Without a doubt, the level of play and competition in mid-major conferences across the country is at an all-time high. Every March, we now see traditional powerhouse schools fall to a lower seed in the NCAA tournament, but for some reason, those upset defeats already seem to have been lost in the annals of college basketball history.
There is a certain swagger and folklore surrounding the Steve Nash-led No. 15 seed Santa Clara’s upset over the No. 2 seed Arizona Wildcats back in 1993, yet most of us have already forgotten some of the other more recent upsets. Who remembers that it was just three months ago that Middle Tennessee shocked Michigan State or perhaps Lehigh’s upset of Duke back in 2012?
Today’s mid-major teams that have become successful just don’t have the same kind of charisma or chutzpah as their counterparts of the 1990s, and thus, have become less memorable and, more importantly, impactful on the game.
The style and charisma of the mid-major basketball programs of the 1990’s has become timeless. If you want to know where "The Fab 5" got its license for swagger, look west to the UNLV Runnin’ Rebels. Without the alley oops of Larry Johnson and Stacey Augmon laying the ground work in 1989-90, perhaps the baggy shorts of Michigan’s Fab 5 would have been too much for the mainstream media to handle in the years to come.
Without Marcus Camby’s flare and intensity at UMass in 95-96 for a then-unknown John Calipari, perhaps the Big Blue Nation of today is just another average SEC program wishing Tubby Smith would come back and take the helm. Without Hank Gathers and Bo Kimble of Loyal Marymount, perhaps the Golden State Warriors of today are a more defensive minded team who win games with scores of 89-85 by playing tough defense instead of running the floor like gazelles and putting up an endless amount of shots from all over the court.
That’s the mid-major influence.
The 1990 Loyola Marymount Lions still hold the NCAA record for the highest scoring team in history, averaging 122 points per game.
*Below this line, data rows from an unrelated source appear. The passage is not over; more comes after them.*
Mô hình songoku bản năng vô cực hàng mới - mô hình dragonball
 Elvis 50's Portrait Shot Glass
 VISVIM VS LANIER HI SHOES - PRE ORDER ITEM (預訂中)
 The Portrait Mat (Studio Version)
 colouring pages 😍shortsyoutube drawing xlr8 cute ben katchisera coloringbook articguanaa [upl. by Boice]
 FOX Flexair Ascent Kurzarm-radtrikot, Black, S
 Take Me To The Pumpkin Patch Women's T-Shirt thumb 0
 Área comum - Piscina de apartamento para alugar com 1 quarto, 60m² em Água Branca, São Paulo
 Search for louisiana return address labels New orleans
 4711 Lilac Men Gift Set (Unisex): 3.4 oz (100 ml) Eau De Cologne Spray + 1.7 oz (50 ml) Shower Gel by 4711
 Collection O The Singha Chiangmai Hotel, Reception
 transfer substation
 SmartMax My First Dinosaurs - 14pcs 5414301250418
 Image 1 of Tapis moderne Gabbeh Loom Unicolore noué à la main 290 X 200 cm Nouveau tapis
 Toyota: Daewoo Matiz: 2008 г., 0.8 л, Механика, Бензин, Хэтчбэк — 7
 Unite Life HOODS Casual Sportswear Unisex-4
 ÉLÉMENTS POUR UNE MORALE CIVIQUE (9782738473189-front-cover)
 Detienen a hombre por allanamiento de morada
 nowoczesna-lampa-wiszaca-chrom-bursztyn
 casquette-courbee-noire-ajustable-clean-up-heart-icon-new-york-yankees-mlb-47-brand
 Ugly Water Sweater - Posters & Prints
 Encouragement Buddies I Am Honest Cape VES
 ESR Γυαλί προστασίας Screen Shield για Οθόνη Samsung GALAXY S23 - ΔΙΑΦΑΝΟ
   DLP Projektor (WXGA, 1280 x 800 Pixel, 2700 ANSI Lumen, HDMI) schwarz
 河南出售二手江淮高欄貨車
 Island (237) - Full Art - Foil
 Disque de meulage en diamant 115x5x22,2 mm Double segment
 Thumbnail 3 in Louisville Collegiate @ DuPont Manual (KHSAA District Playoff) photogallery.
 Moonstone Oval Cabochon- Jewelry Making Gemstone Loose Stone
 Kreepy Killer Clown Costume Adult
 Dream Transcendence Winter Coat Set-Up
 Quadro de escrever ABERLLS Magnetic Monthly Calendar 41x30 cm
In comparison, Golden State averaged just 114 points per game this past season, yet the media of today still try to present the Warriors as a team that has revolutionized basketball.
The 1990 UNLV team is still the only team to score 100 points in an NCAA championship game and still hold the record for the largest margin of victory in a championship game when the Rebels hammered Duke, 103-73. Four of the top five scoring teams in the NCAA this past season would all be considered mid-majors (Oakland, The Citadel, Omaha, North Florida), yet the top scoring team still only managed 86.4 points per game. That's 53 points less per game than Loyola's best output back in 90.
Do you still think today's game is more offensive than the past?
Some may say that it’s the coach’s influence of making their players play within the confines of their system, which has led to the lack of style and swagger in today’s mid-majors. Others may argue the influence of media or cultural differences that surrounded the players of the 90s as compared to today’s players. In the 90s, the music of Dr. Dre, Pearl Jam, Tupac and Biggie filled pregame locker rooms. Today’s pre-game music probably features a Canadian guy who sings or raps about his girlfriend not returning his text in an appropriate time or fashion.
The mid-majors of today’s era who have achieved notoriety are a little more wholesome in the chutzpah or charisma column. The Monmouth Hawks are fun to watch, but the whole routine was a little hokey in comparison to the Runnin’ Rebels of the early 1990’s. Butler’s back-to-back appearances in the national championship game were impressive, but I doubt anybody outside of Indianapolis (and Utah, yeah I know) can name a player from that team, and even Ward Cleaver would likely describe the Bulldogs' swagger as "neato." I don’t see players from these current mid-major teams (or any college program for that matter) working the late-night talk show circuit like the Loyal Marymount players of the 90’s did.
It was the mid-major teams of the 1990s that helped me develop my love for college basketball. Their style and flare was intoxicating and it kept me tuning in week after week. The mid-majors of today can be fun to watch at times, but it's hard to imagine them changing the game in a way we will still see 20 years down the road.